As reported by Wired: Wrinkles aren't usually an aspect of the future that gets people excited. But fast cars are. And someday we might have cars that can accelerate more quickly, and efficiently, by morphing their surface texture through the mechanics of wrinkling.
Speed-enhancing body wrinkles on your Tesla are still years away, but researchers at MIT have created what could be the first step: a ball with morphable surface texture. They were able to get their creation, which they call a smorph (short for smart morphable surface), to wrinkle into a dimpled pattern similar to a golf ball’s, with similar aerodynamic properties.

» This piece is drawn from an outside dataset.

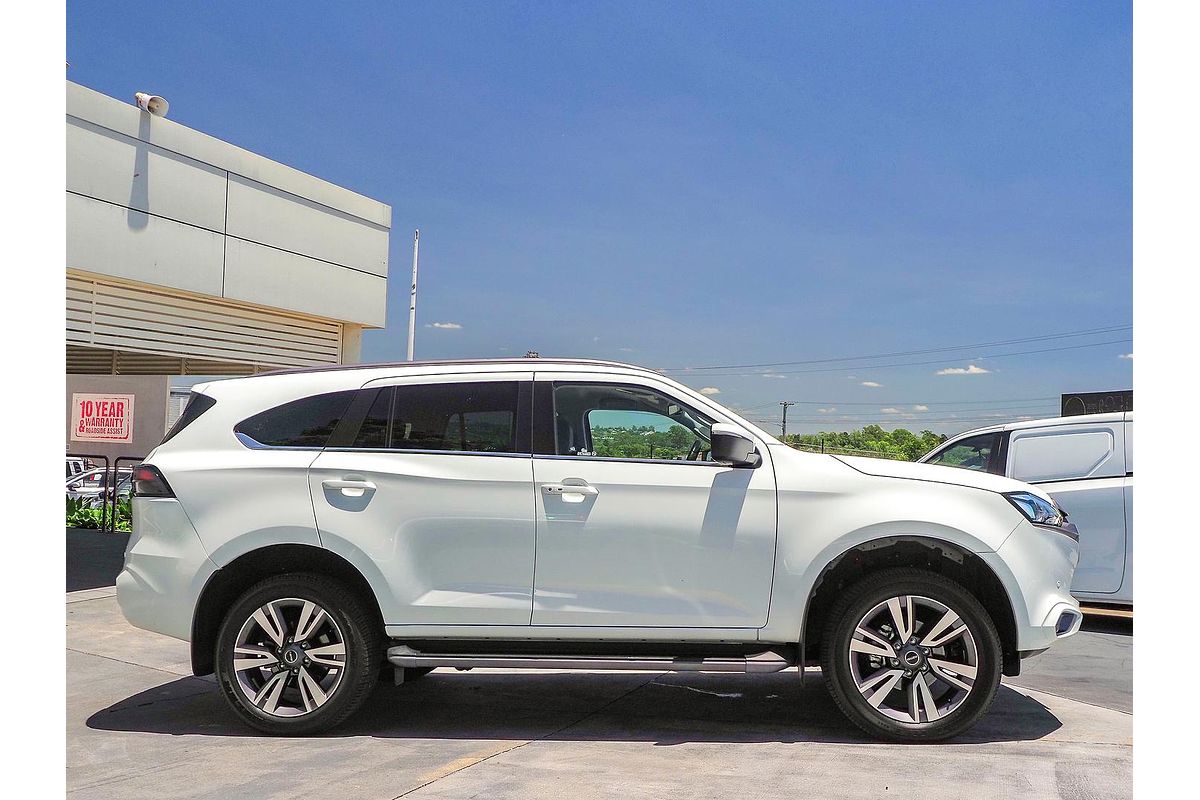 2023 Isuzu MU-X LS-T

Smorphs are sort of like raisins. As the soft inside of a grape dries out, the stiffer skin can’t shrink with it. Instead, it develops wrinkles to conform around the reduced volume. Smorphs don’t dry out (they also make terrible snacks), but the volume of a smorph can be similarly reduced by sucking air out of its hollow core. That core is surrounded by different polymers: a thick, squishy layer covered by relatively stiff outer skin. As the core shrinks, the squishy layer is soft enough to contract smoothly, but the skin is forced to wrinkle.
The trick is controlling exactly how a smorph wrinkles. MIT mechanical engineer Pedro Reis, the material’s lead inventor, studies how wrinkling and other types of structural failures can be made useful. He says the first step toward controlling the wrinkling of a smorph is making the squishy base layer thick enough that the sphere doesn’t crumple like a ping pong ball. From there, they can tune the pattern of the wrinkles by changing the thickness of the outer skin. Dimples form when the skin is one-tenth to one-hundredth of the sphere’s radius.
Because the smorph dimples look so much like those on a golf ball’s surface, the researchers were inspired to test their creation in a wind tunnel. It’s well established that a golf ball’s dimples help it fly further. Air passing over the dimples creates a bunch of tiny vortices. Rather than slowing the ball down, these vortices create a thin, turbulent sheath that the surrounding air can’t cling to. The result is lower drag.
Sure enough, when the researchers tested the smorph in a wind tunnel, they found that it was about twice as aerodynamically efficient when dimpled.
But the sheath of vortices only forms at relatively low speeds. If a golf ball were to fly fast enough, it would be better off with a smooth skin. This is where smorphs could offer a huge advantage.
“What our system lets you do is tune the drag between the two extremes,” Reis said. Because of their size, golf balls rarely reach a speed when the dimples are less efficient. But something bigger, like a car, could be more fuel efficient with a few strategically placed morphable surfaces that would be dimpled at slower speeds and smooth when the car speeds up.
Earlier this year, Reis won an NSF grant to keep developing smorphs, which he hopes to someday scale up to use on cars, aircraft, and even buildings. He’s optimistic, but says this is probably a long way off. One problem is that hexagonal dimples are unstable on flat surfaces. So far smorphs have only been used on a round, ball shape, but Reis and his co-authors believe they can figure out how to reproduce the pattern on slightly curved surfaces. Creating the same aerodynamic dimpling on a car’s complex curves will be even more challenging.